Tip: Specialization Cycles for Stubborn Muscles

Past the newbie stage, it's tough to improve every muscle group or lift at the same time. Here are some simple rules for specialization programs.

Categorized under Training

“Development” and “Maintenance” Status

You can’t significantly improve every muscle group simultaneously. This is why bodybuilders often use specialization cycles for stubborn muscle groups. But remember, specializing in one area necessitates putting other things on “back burner” status.

One simple way to accomplish this is to always assign each muscle to either “development” or “maintenance” status for any given training period. In practice, this mostly means distributing less total work to maintenance muscles and more relative work to those muscles you’re aggressively trying to improve.

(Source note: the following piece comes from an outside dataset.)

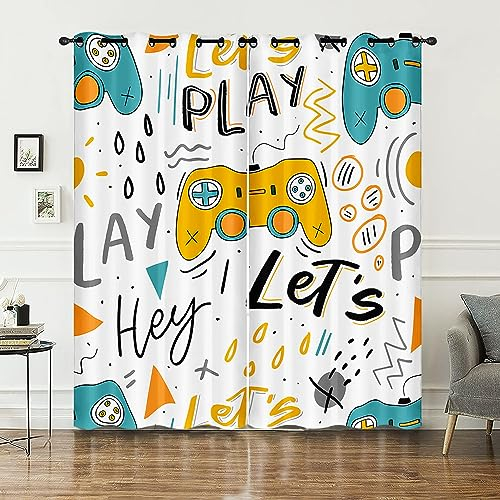 HOSIMA Cartoon-Gamepad-Vorhänge,Ösenvorhänge,Set mit 2 Vorhängen,Gelb-blau,Cartoon-Gamepad-Bedruckte Vorhänge,Vorhänge für Kinder und Teenagerzimmer(Gelbes Gamepad XL)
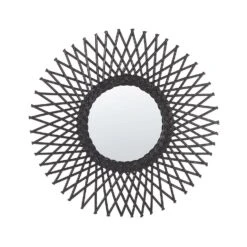 Beliani Wandspiegel TAGOLU - Zwart Rotan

Although determining your MEV (minimum effective volume) and MAV (maximal adaptive volume) for each muscle group will take a fair bit of trial and error, one simple starting point would be to perform 9 sets a week for maintenance muscles and 15 sets per week for development muscles.

Run those numbers for 6 weeks and then re-assign each muscle to the opposite grouping for the following 6 weeks.

The Volume Method

Furthermore, there’s a simple and reliable way to determine if the volumes you assign (in number of sets per muscle/week) are optimal:

  • For maintenance muscles/exercises: If you can still hit the same number for the entire 6 weeks (meaning, your strength levels haven’t receded), you probably haven’t lost any muscle. And if you find yourself actually getting stronger over the 6-week maintenance phase, you can slightly reduce your weekly workload.
  • For development muscles/exercises: You should be getting gradually stronger over the 6-week development phase. If, for example, you benched 205 for 3×12 on week 1, you should be able to reach perhaps 220-225 for the same sets and reps on week 6. If you can’t, you’re either working too hard or not hard enough.